^{Introductory notes: trying to accelerate Python+Numpy code with Cython is a common problem and this question is an attempt to create a canonical question about what types of operation you can accelerate effectively. Although I try to illustrate with a specific example, it is meant as an illustration - please don't focus too much on the fairly meaningless example.}

^{Also, I've contributed enough to Cython that I should declare an affiliation (given that I'm bringing the topic up)}

Actual question

Suppose I have a function that tries to do numeric calculations on Numpy arrays. It uses fairly typical operations:

a loop over array elements that can't easily be vectorized
calls to Numpy/Scipy functions (in this case np.sin).
Mathematical operations on the whole array (a-b)

import numpy as np

def some_func(a, b):
    """
    a and b are 1D arrays

    This is intended to be illustrative! Please don't focus on what it
    actually does!
    """
    transformed_a = np.zeros_like(a)
    last = 0
    for n in range(1, a.shape[0]):
        an = a[n]
        if an > 0:
            delta = an - a[n-1]
            transformed_a[n] = delta*last
        else:
            last = np.sin(an)
    return transformed_a * b

a = np.random.randn(100)
b = np.linspace(0, 100, a.shape[0])

print(some_func(a, b))

Can I speed this up with Cython, and which parts would I expect to be able to speed up?

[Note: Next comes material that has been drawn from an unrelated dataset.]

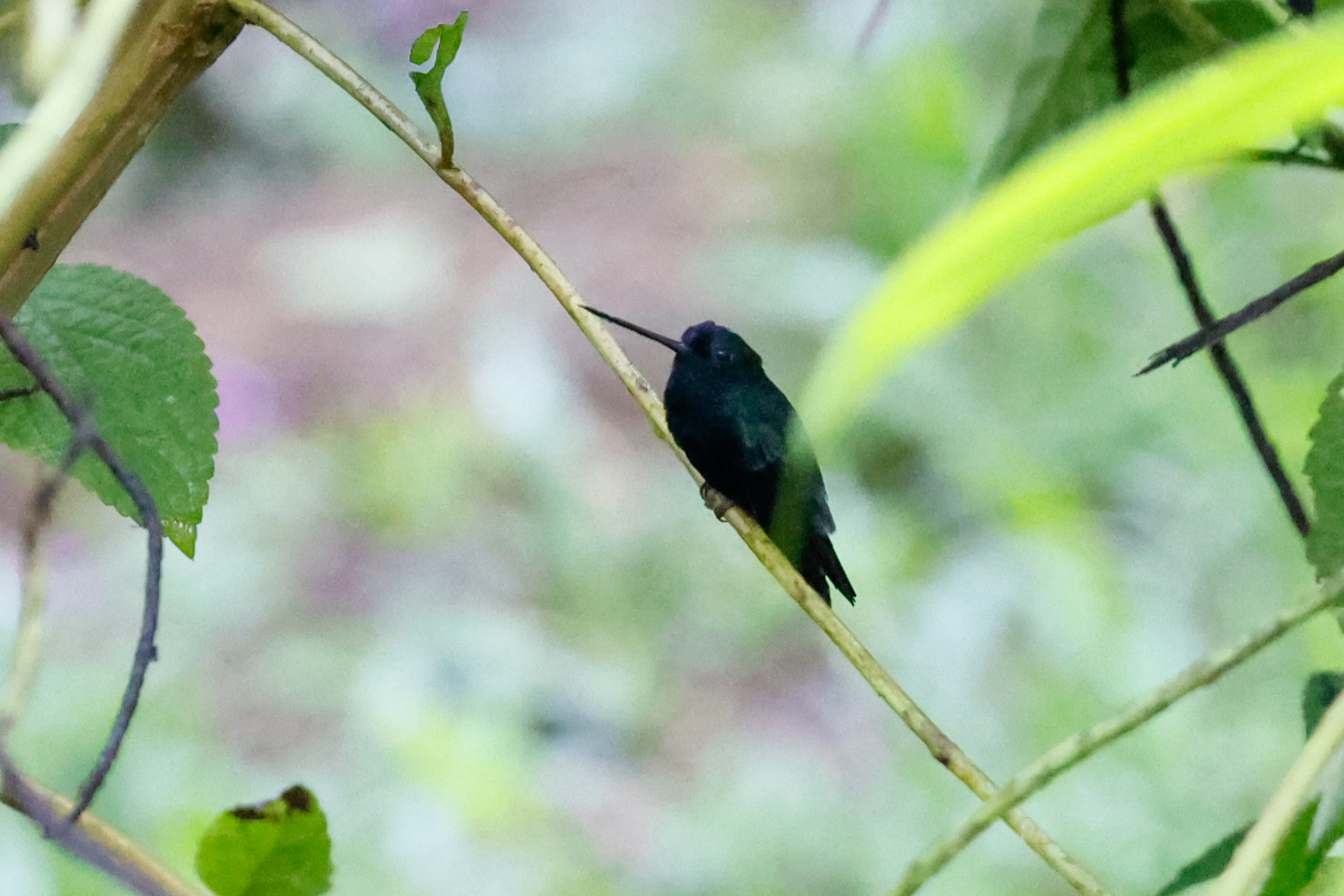 Blue-fronted Lancebill (Doryfera johannae), photo 7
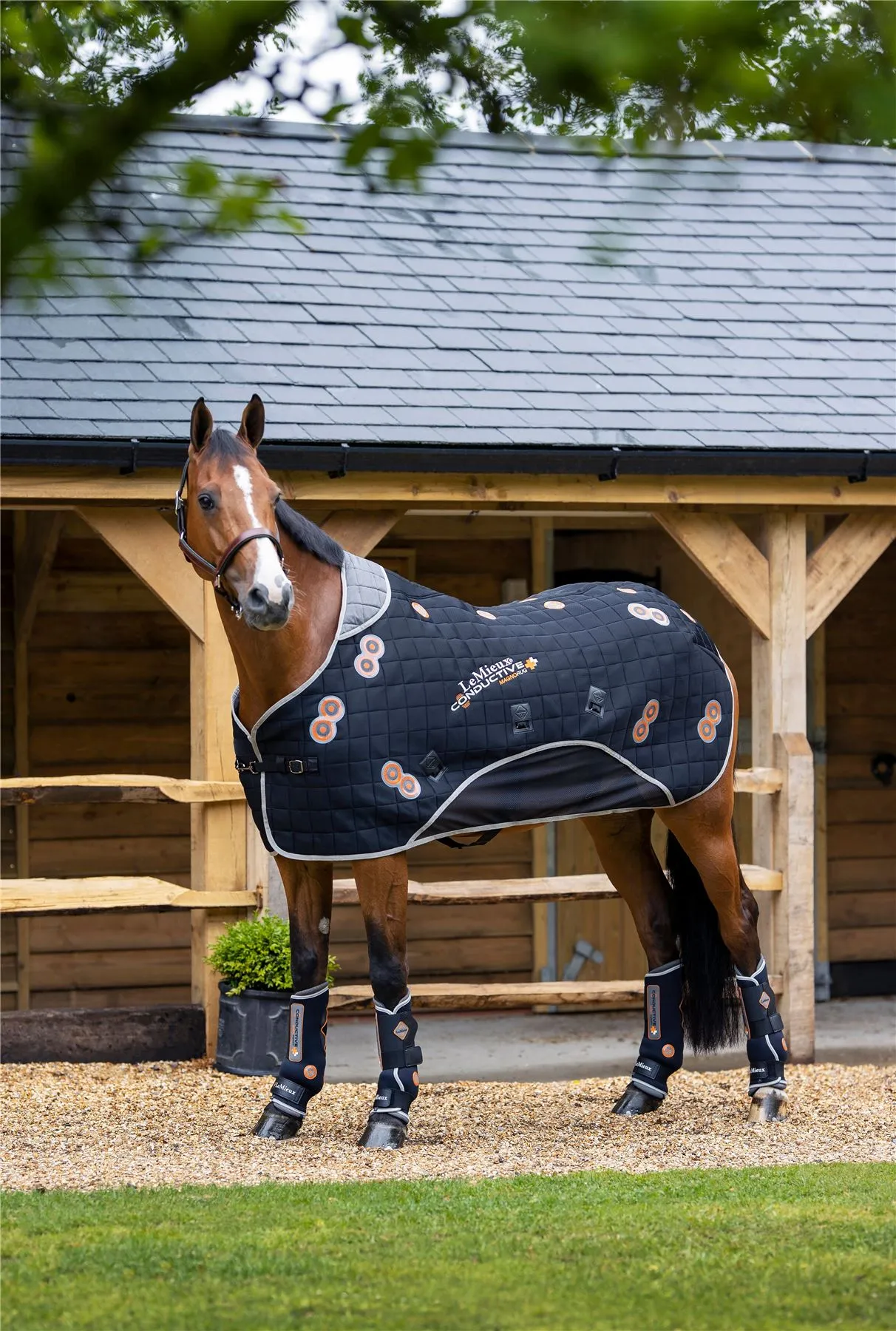 LeMieux Conductive Magno Rug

Indexing individual array elements

This the main type of code where Cython can really help you. Indexing an individual element (e.g. an = a[n]) can be a fairly slow operation in Python. Partly because Python is not a hugely quick language and so running Python code lots of times within a loop can be slow, and partly because the array is stored as a tightly-packed array of C floats, but the indexing operation needs to return a Python object. Therefore, indexing a Numpy array requires new Python objects to be allocated.

In Cython you can declare the arrays as typed memoryviews, or as np.ndarray. (Typed memoryviews are the more modern approach and you should usually prefer them). Doing so allows you to directly access the tightly-packed C array directly and retrieve the C value, without creating a Python object.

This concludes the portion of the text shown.